Não estou me referindo a golpes, que a cada dia que passa, se renovam, ganham novas roupagens, ou se criam. Mais simples ou mais complexos, envolvendo sentimentos ou apelando para a urgência, o mundo virtual é fértil na criação de possibilidades de tirar dinheiro das vítimas, independente de sua classe social, credo ou status.
Os muitos eus
Em outra linha de análise, porém, é surpreendente – talvez nem tanto assim para os estudiosos da mente humana – como algumas pessoas se transformam radicalmente a partir do momento que ligam seu celular ou computador e entram na internet.
Pessoas pacatas viram algozes vociferantes vomitadoras de absurdos inimagináveis três minutos antes. É como se no momento que se completa a conexão com a internet, abrisse-se uma reestilizada Caixa de Pandora.Pandora, tadinha, com toda a sua meiguice, inteligência e beleza, hoje ficaria ainda mais assustada do que quando sucumbiu à curiosidade e abriu a caixa que lhe foi confiada com a recomendação de nunca ser aberta. Provavelmente, muito mais chocada.
Os muitos eles
Quando os muitos eus são dos outros, são os muitos eles.
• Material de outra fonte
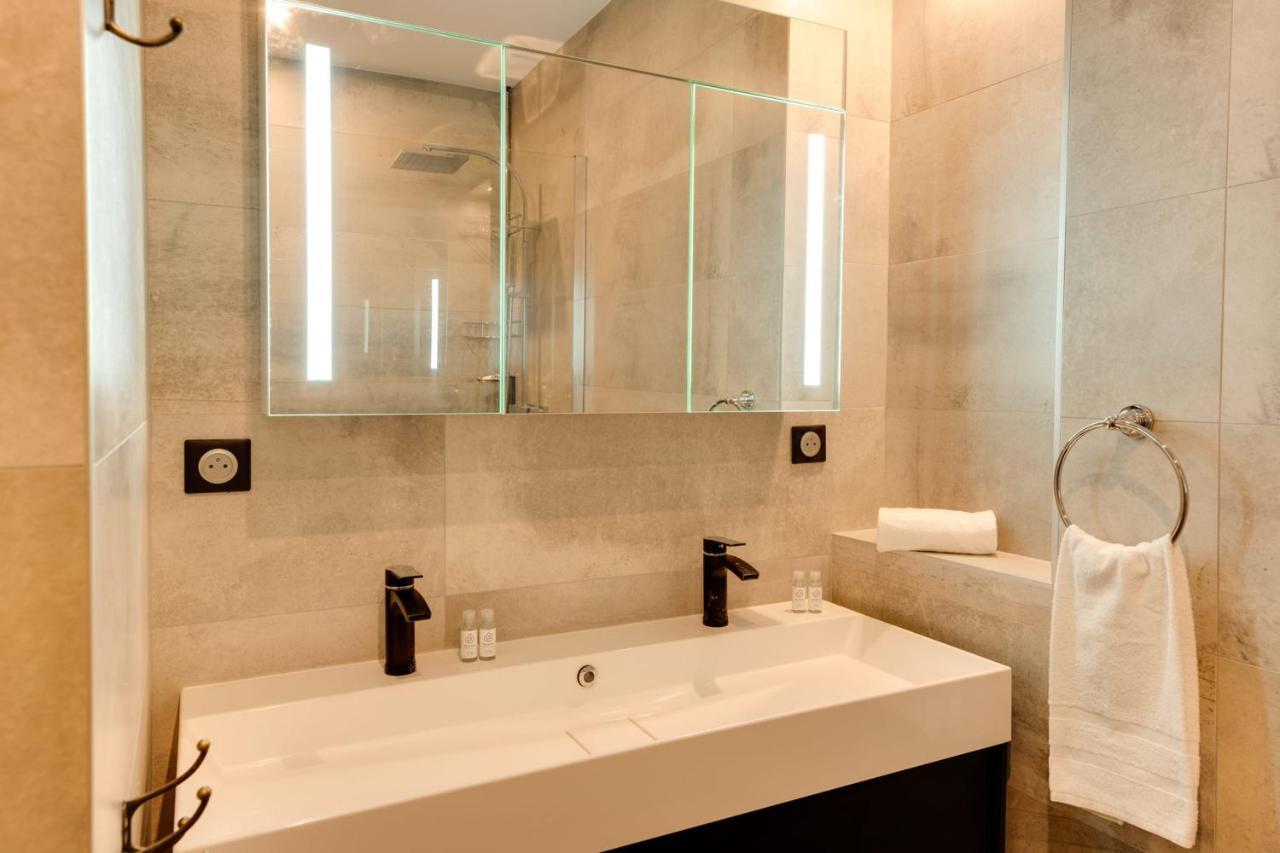 Swan Lake - Design Apartment Facing Lake Annecy Esterno foto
E os nossos eus não costumam gostar dos muitos eles, dos muitos outros, principalmente quando esses muitos eles não pensam como os nossos diversos eus.
Idiossincrasias à parte, dentre as histórias que mais me chamaram a atenção nos últimos tempos, oriundas de relações na internet, estão aquelas em que alguém se passa por outra pessoa sem um motivo aparente.
Sempre há, eu sei, um motivo. Mas nem sempre os outros eus conseguem identificá-los naqueles outros eles.
Como na história daquela moça que descobriu, ao longo de quatro ou cinco anos (porque várias vítimas amorosas lhe procuraram), que outra pessoa estava utilizando suas fotos das redes sociais para construir relacionamentos a partir de um aplicativo de namoro. Aquele clone virtualusava outro nome, mas montava uma história envolvendo todas as outras pessoas que apareciam nas fotos da verdadeira. Pais, mães, sobrinhos (que ora eram filhos), namorado (que ora era irmão, ora era primo). Um caos.
Ou aquela outra história da jovem que um dia utilizou as fotos da namorada linda de um famoso estrangeiro e criou uma vida paralela. Acabou se envolvendo de verdade, embora virtualmente, com um rapaz, que se apaixonou por ela (ela quem, né?) e como ela igualmente tinha criado um afeto muito grande e não encontrava uma solução que justificasse o que fez, resolveu “sofrer um acidente fatal”. Dias depois de sumir da internet, o “irmão dela” avisou o namorado virtual sobre o “acidente” e ele ficou arrasado. Os dois nunca mais se falaram.
O que justifica tudo isso? Tenho minhas desconfianças, mas deixo a palavra aberta aos psicólogos e sociólogos. Esse comportamento não nasceu com a internet, mas, sem dúvida, cresceu colossalmente com as redes sociais. Onde vamos parar? Tenho minhas desconfianças, mas deixo a palavra aberta a vocês e seus muitos eus.